Burning Man and Montana (inside: why Canada sucks!)


I'm going to try to describe Burning Man, which is going to be impossible. The best I can do is give a good approximation of my experience and I know when I get done writing it there will be a lot of important things I left out or was unable to fully describe. You've probably heard something sometime about Burning Man either from people who have been or think it's a worthwhile thing or from people who don't try to understand it and want it to disappear, or from the news which tends to generally distort most things to be sensational anyway.

Burning Man is essentially about two things. First, it's a social experiment of a community where commerce does not exist, where you try to give unconditional love to strangers; kind of a big commune where everyone looks out for each other. Second, it's a blank canvas for artists and everyone else to basically try whatever they want.
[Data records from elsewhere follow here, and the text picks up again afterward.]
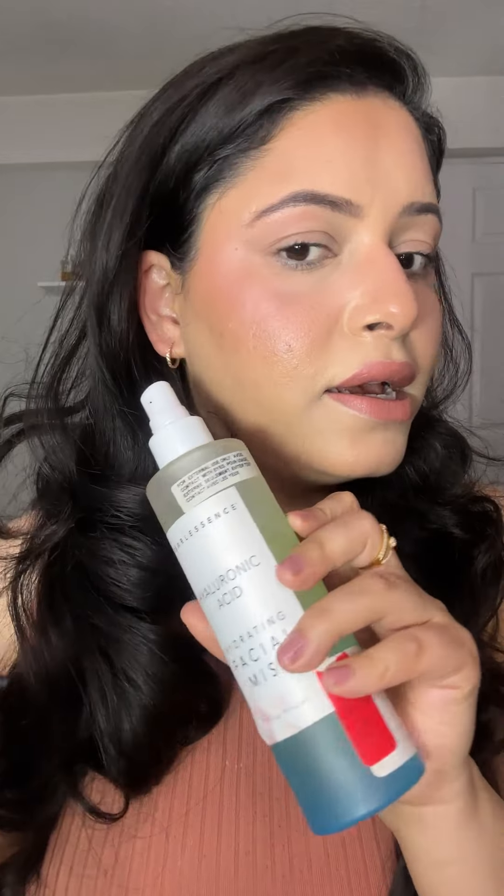You can see the difference after using both sprays. The Avali side looks dewy because I did not use a powder setting. On the MAC Fix Plus side, I used a powder setting first and then applied the spray, giving a different finish.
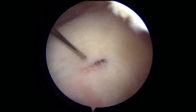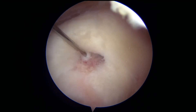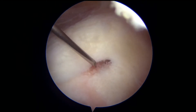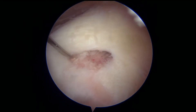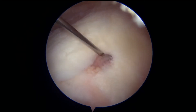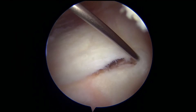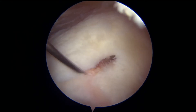The next portion of the procedure is to evaluate the size of the tear. This is a view of the supraspinatus tendon, which lies just below the bone spur that we were just removing. I'm probing it with a spinal needle. It's approximately 15 to 20 millimeters in length, which is about the size of a nickel or a quarter. And so this would be considered a small tear.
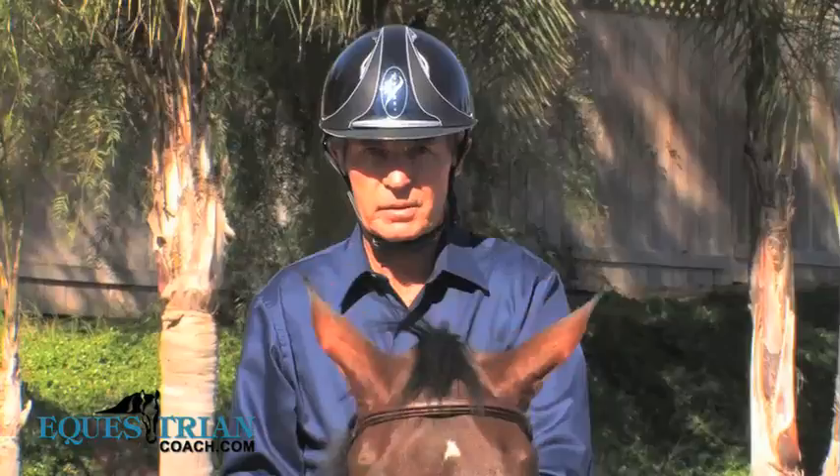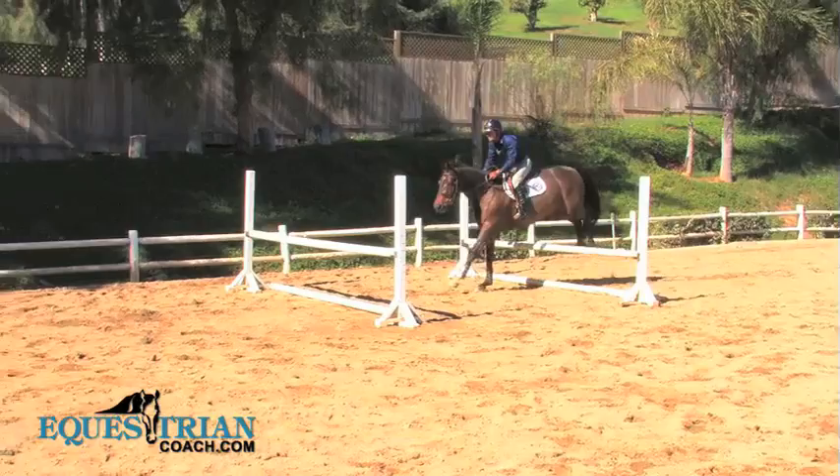Today I'm showing you one of my favorite gymnastics that I've had success with over many years. I first learned of it when Hans Gunter Winkler from Germany introduced it at Gladstone in a clinic he was doing, and I picked up on it and I've used it ever since.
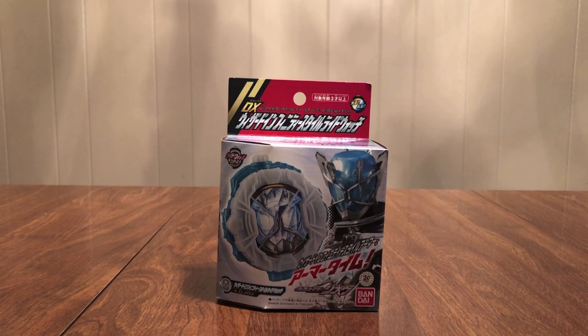Hello YouTube, Gentleman2005 here with a review of the Kamen Rider G.O.D.X. Wizard Infinity Style Ride Watch. We now have our next group of Final Form Watches. We're going backwards — we're now up to Wizard Infinity.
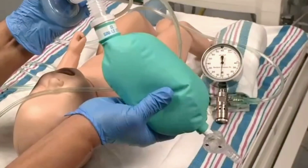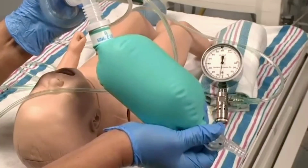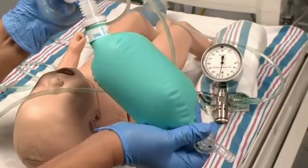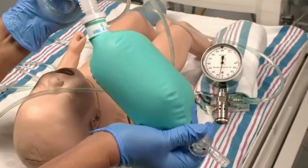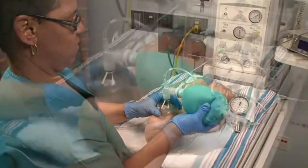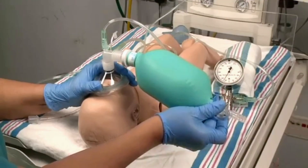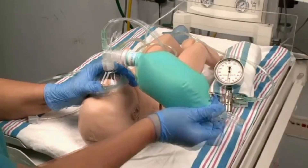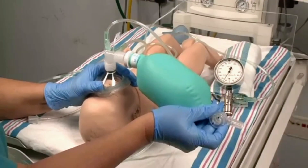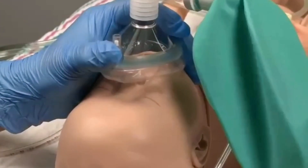Set the inspiratory pressure by squeezing the bag and noting the peak inspiratory pressure on the pressure gauge. The PEEP pressure is adjusted by squeezing the bag, and further adjustments may be needed when you start to ventilate the newborn. The bag needs to be approximately half inflated during ventilation. If the bag is too inflated, decrease the gas flow or open the flow control valve. If the bag is not inflated enough, increase the gas flow or tighten the flow control valve. This bag can also be used to administer CPAP and free flow oxygen.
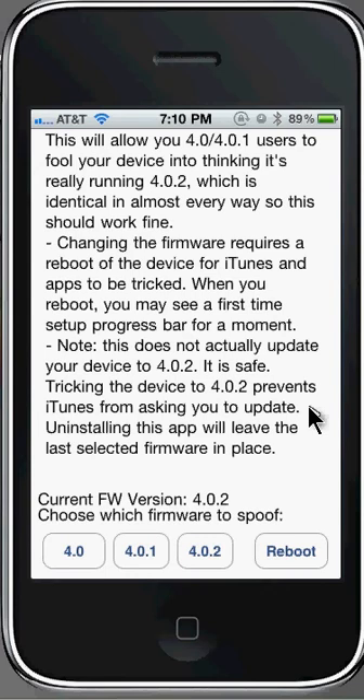When you reboot you may see a first setup progress bar for a moment. Note this does not actually update your device to 4.0.2 — it is safe. Tricking the device to 4.0.2 prevents iTunes from asking you to update. Some applications and themes when first created only allow the newest firmware, so some apps are going to need the 4.0.2 firmware.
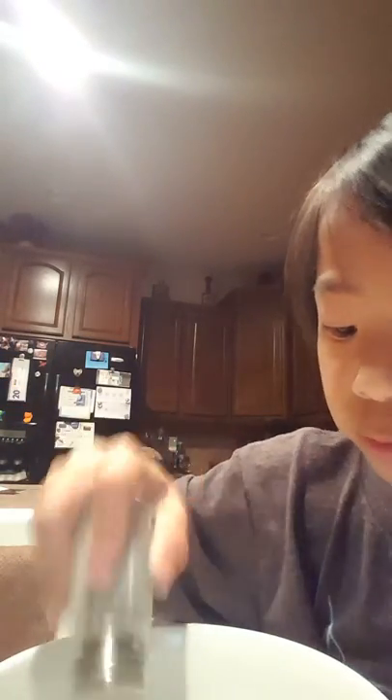Next you're going to add the pepper. The pepper floats. And that sinks. You should have some pepper on the top.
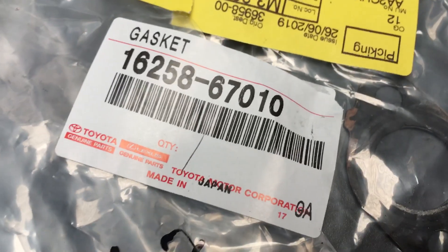This one here is the gasket above the thermostat — that's what it looks like. There's the number, pretty obvious. This is pretty sure that's the gasket that goes on the top radiator hose.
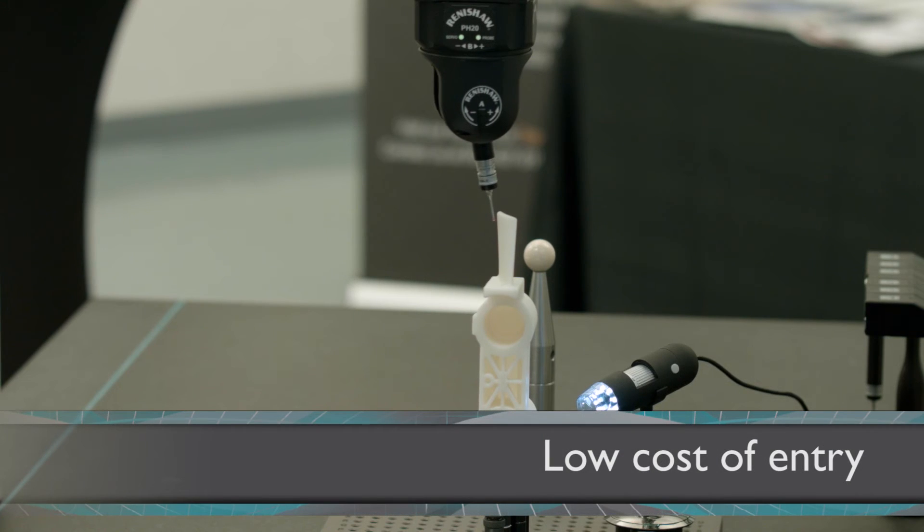The pH 20 has a very low cost of entry. It's the same price as other CMM touch trigger products you'll see on the market, but it's very easy to use and gives you all that flexibility for the same value.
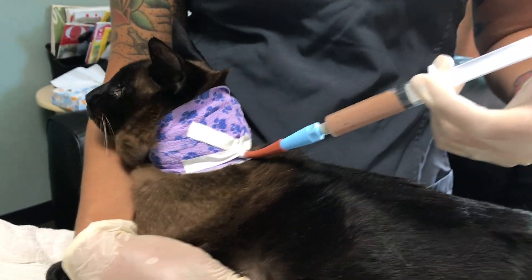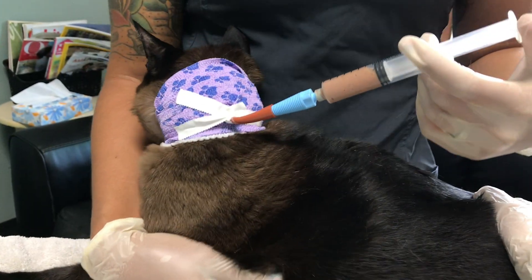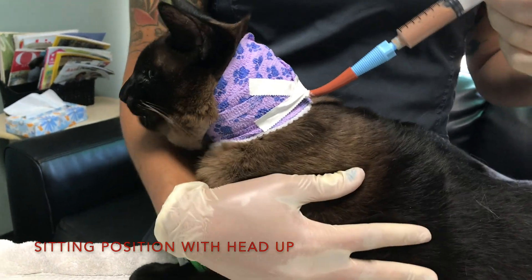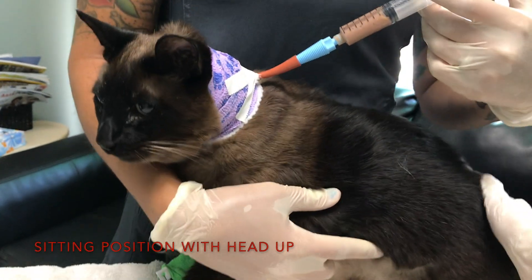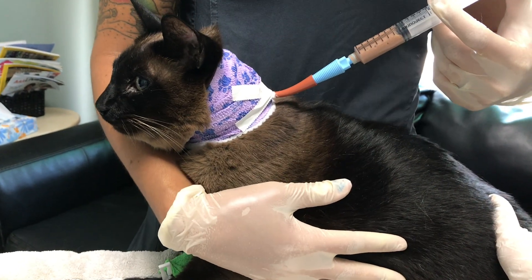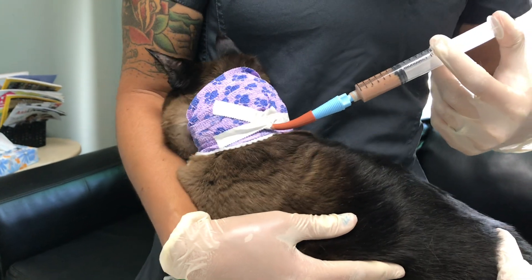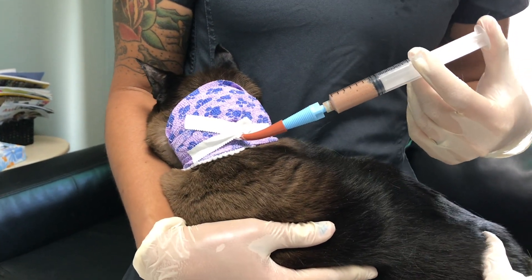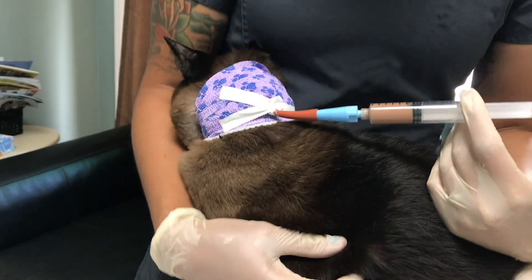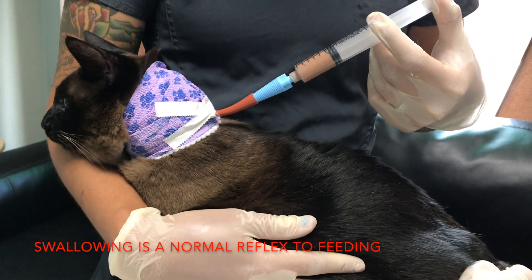As you can see there, hopefully he just swallowed for us a little bit. You do want them sitting in an upright position, or what we call sternal, versus laying on their side or sleeping — because we want them to swallow, and if they're laying on their side or in an odd position, sometimes the food can kind of flow back out of the stomach and cause them to regurgitate a little bit. So this is a perfect position for any dog or cat with a feeding tube in.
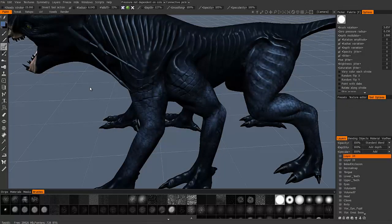The Airbrush in 3D Coat is very similar to the paintbrush, except for one or two major noticeable differences. In order to demonstrate that difference, let me first start off with the paintbrush.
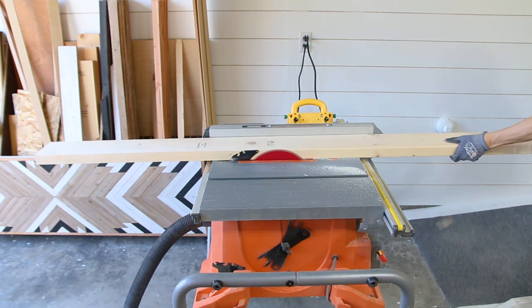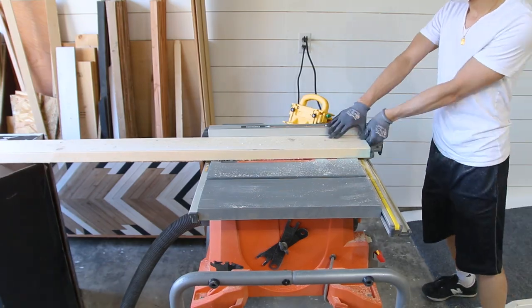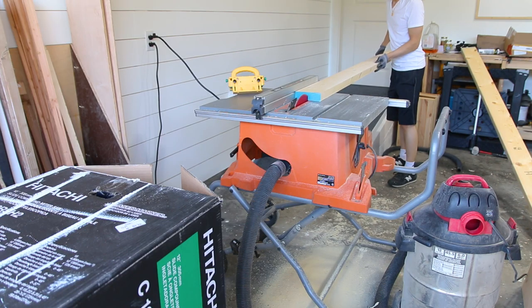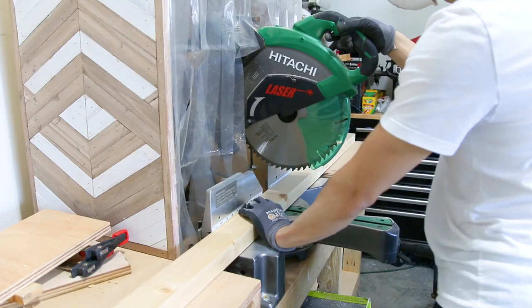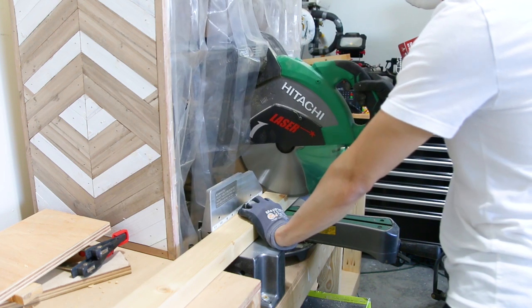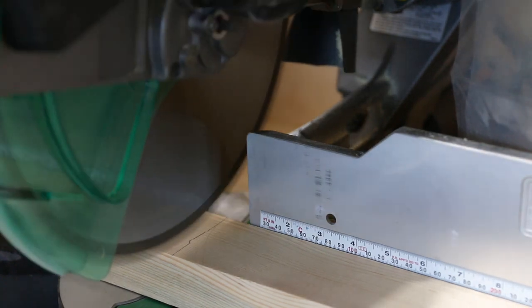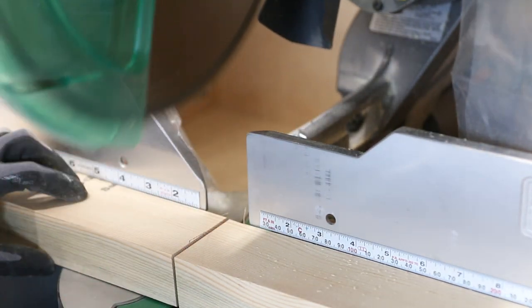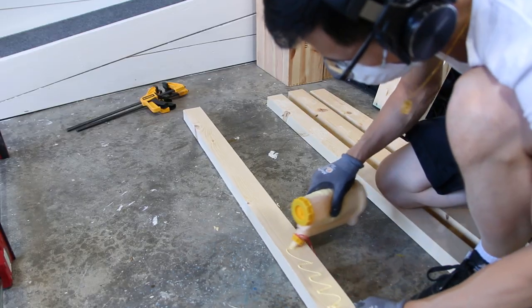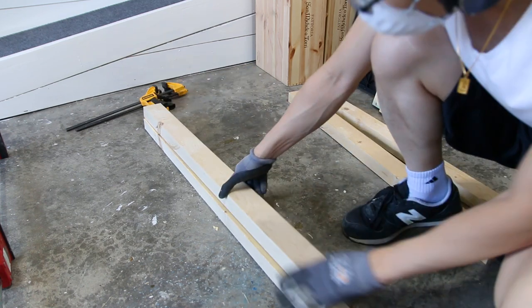One of my family members recently had a stroke and is trying to relearn how to walk again, so I decided to make parallel bars to help them rehab. The first thing I did was get measurements from the physical therapist for proper height for the bars and also the width for the wheelchair to fit in between. Some will not need a wheelchair, but this project actually has dual purpose — I can also do dips and work out my abs on these bars.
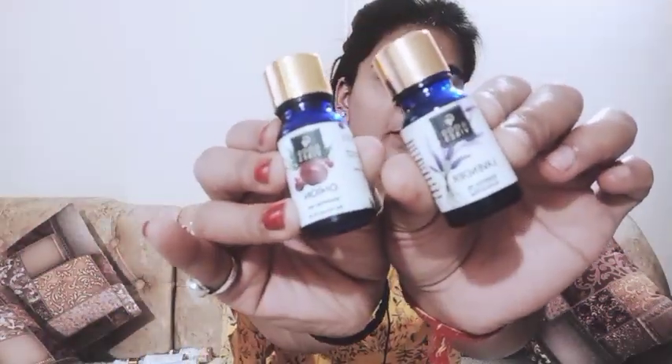Let's start the video. I have told you about Good Vibes products — I have shown you the bottles of Good Vibes plus essential oils in my previous video. You have requested the method a lot, so today I will tell you the method which is very easy.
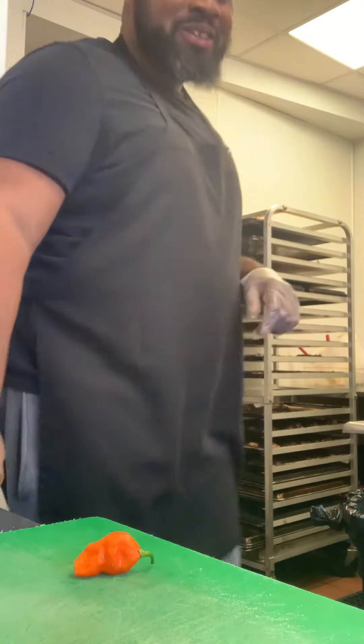So many hot pepper challenges out there — I thought we would bring one to Funky Fresh. I got this ghost pepper, chopped it up, and yes, my mouth is on fire, but we're gonna chop this thing up and put it right into our mix.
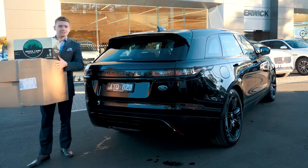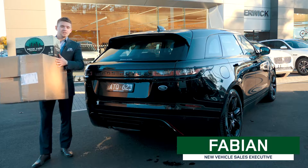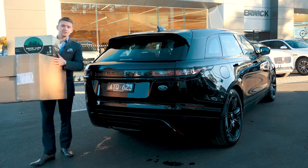Hey guys, welcome to Barrick Jaguar Land Rover. My name is Fabian and today I show you how the gesture tailgate works on the Range Rover Velar.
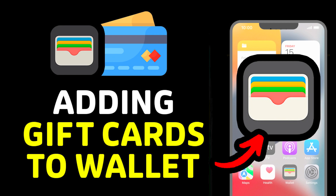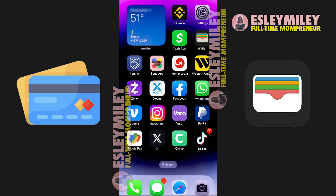In this video, I'm going to show you how to add a gift card to Apple Wallet. I will address your queries regarding adding a gift card to your Apple Wallet and whether it is feasible.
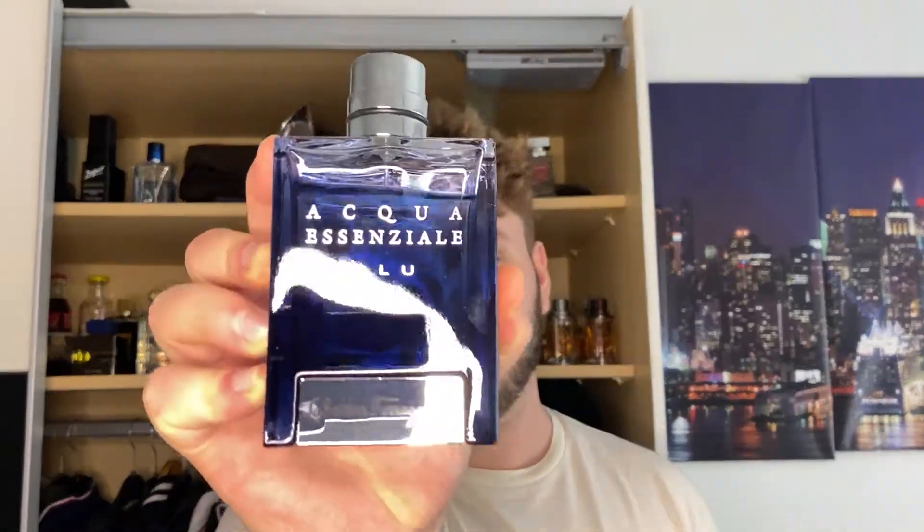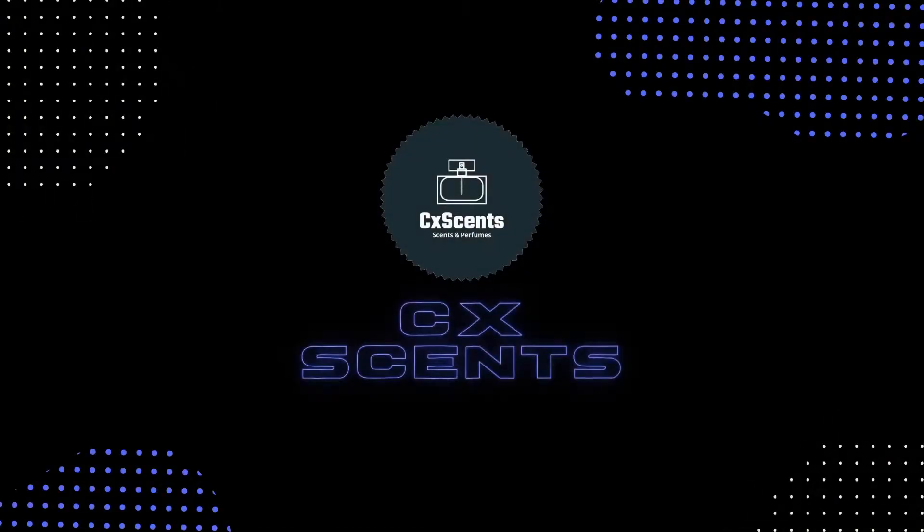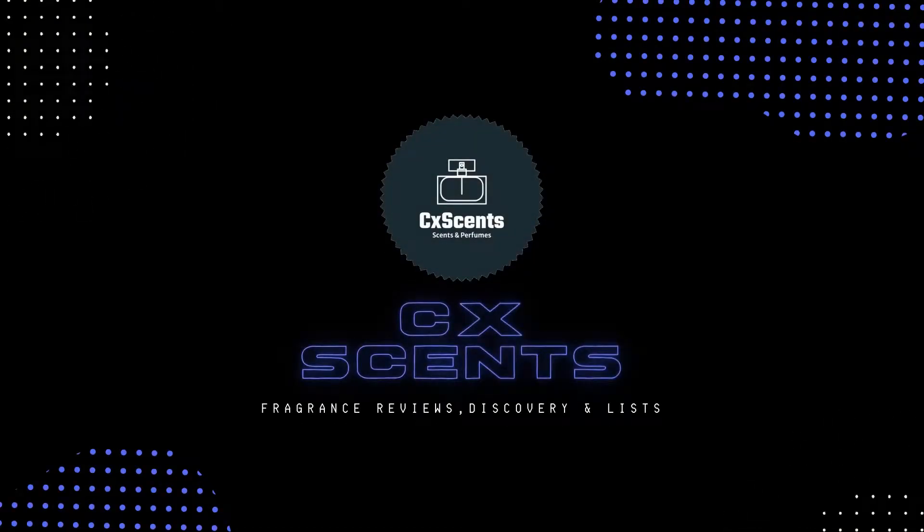What's up guys, today we have a full review of Aqua Essenziale Blue from Salvatore Ferragamo. Stay tuned — you're watching CXSense and my name is Jeno.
People seem to drop the roles they've acquired in "normal life" and take on whatever seems to fit them at the moment. People generally accept you at face value with an open mind, and you are absolutely guaranteed not to be the weirdest kid on the block. It took me a few days to get used to it all. Burning Man has a reputation for drug use but really it's weird enough on its own, no chemical supplements necessary. There's also this omnipresent quasi-dark sense of humor underneath everything; deep down, everything is all an elaborate joke. And there's 50,000+ people there, so almost everything that could be happening is happening somewhere.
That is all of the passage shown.